4. Families insufficiently supported (breadwinners unable to earn enough to provide a surplus for rehabilitation or enough even to pay running expenses).

After the four classes of cases had been investigated and reported to the Rehabilitation Committee for final action, the sections were to investigate the remaining applications. This latter group of applications[117] was to be divided into three classes:

1. Household rehabilitation.

2. Special building propositions not covered by the Department of Lands and Buildings.

3. Miscellaneous cases.

[117] All applications made by refugees living outside of San Francisco were considered by the whole committee.

The immediate attention of the Rehabilitation Committee, now that the general drawing of checks was suspended, was confined to those applications already on file in which emergent action was absolutely necessary or in which grants had been promised provided certain conditions were complied with by the applicants.

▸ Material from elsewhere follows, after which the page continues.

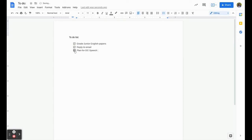This is another great strategy if you have students who struggle with executive functioning skills. You can encourage them to have a to-do list in their Google Drive and they can utilize this feature as well.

All applications for business rehabilitation were to be laid aside for a time with the understanding that if the Committee later secured sufficient means they should be investigated and reported on. The Committee indicated that unless disablement or sickness were involved it would be most reluctant to consider any family to be in urgent need if in it there were a male breadwinner earning reasonable wages.

The plan of the Rehabilitation Committee was to go over the whole mass of applications and then draw checks in favor of the first four classes. This marked a distinct limitation upon its work. By vote of the Committee on August 30, 1906, it was decided to settle at once all unpaid grants that had been approved on August 20. By September 20 accumulated applications had been investigated and the Committee was ready to pass upon them. It is not clear from the records just when the bars were lifted and when checks were issued as heretofore upon all classes of cases approved by the Committee. There appears to have been no formal action in this matter. It is interesting to note that on August 18 the total disbursements recorded were $356,773.75 and the total applications acted upon 5,241. By September 20, 1906, the total disbursements amounted to $573,337.91 and the total cases acted upon were 10,374.

2. THE CENTRALIZED SYSTEM

In October, 1906, there was a radical change of method. On September 27, the Rehabilitation Committee was notified by the Corporation that all the sections except Section II would close by the end of September. As the section offices closed, members of the paid and voluntary staffs were drawn into the work of the central office, the paid workers to continue as investigators or clerks, the members of the district committees to serve as an auxiliary committee to the Rehabilitation Committee for the review of cases. These were steps preliminary to a centralizing of the work. On October 11, when the chairman presented his plan for a division of the Rehabilitation Committee into sub-committees, 18,196 applications altogether had been passed upon. At close of business, October 11, 1906, the bookkeeper of the Committee had handled these 18,196 cases and had paid out on them $842,076.21.